*Exercise aim*.
Repeat every entry word for word, but leave the images out of your copy.

*Data to examine*.
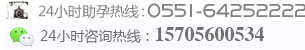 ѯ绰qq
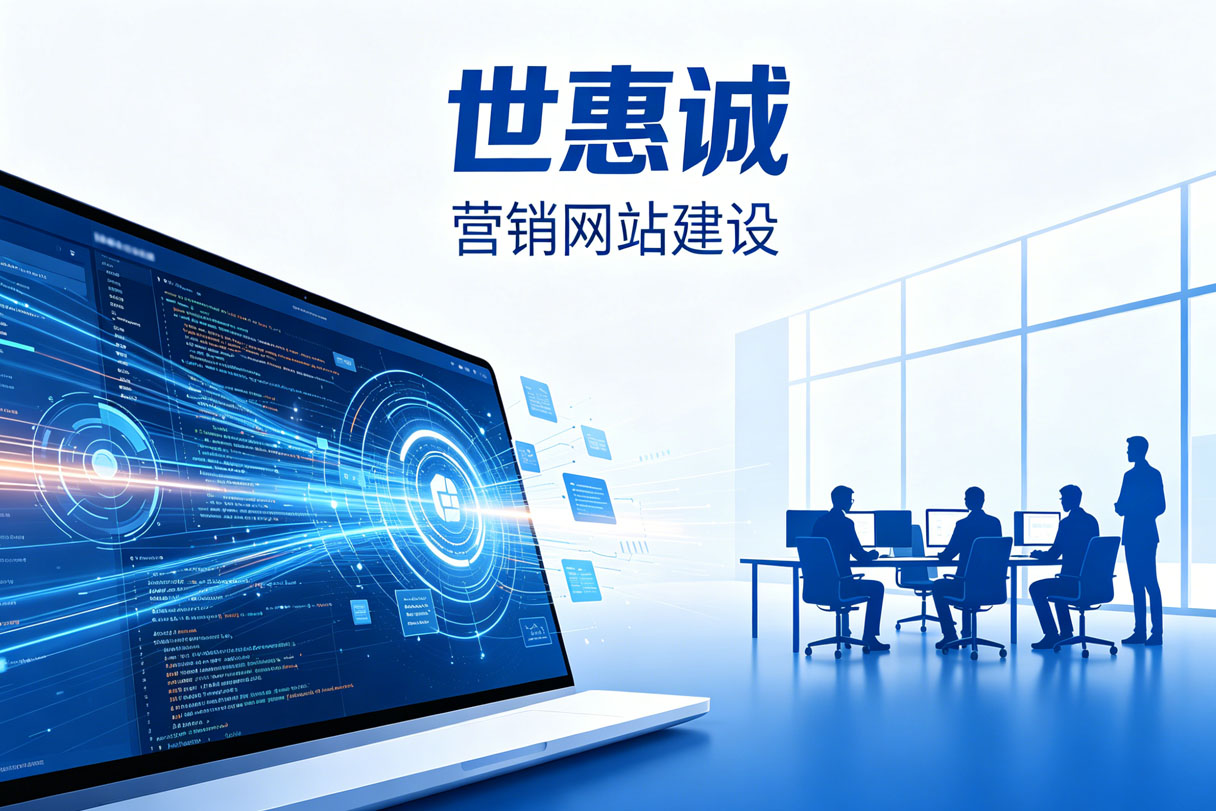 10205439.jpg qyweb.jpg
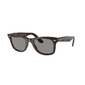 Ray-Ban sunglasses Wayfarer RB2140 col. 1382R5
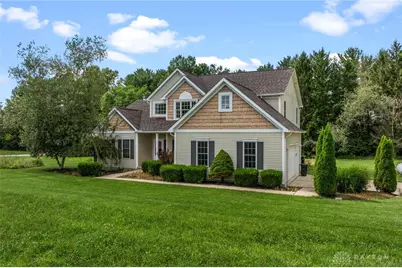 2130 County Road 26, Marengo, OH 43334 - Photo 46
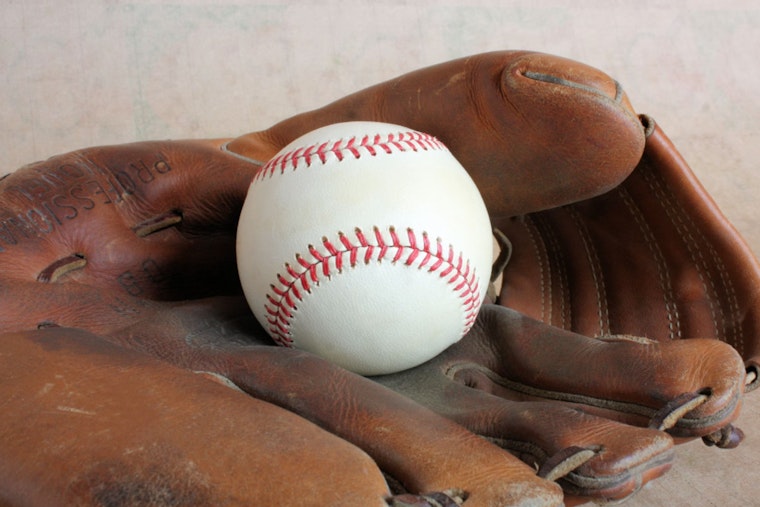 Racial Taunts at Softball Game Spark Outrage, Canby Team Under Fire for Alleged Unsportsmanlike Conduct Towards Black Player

*Answer*.
 ѯ绰qq
 10205439.jpg qyweb.jpg
 Ray-Ban sunglasses Wayfarer RB2140 col. 1382R5
 2130 County Road 26, Marengo, OH 43334 - Photo 46
 Racial Taunts at Softball Game Spark Outrage, Canby Team Under Fire for Alleged Unsportsmanlike Conduct Towards Black Player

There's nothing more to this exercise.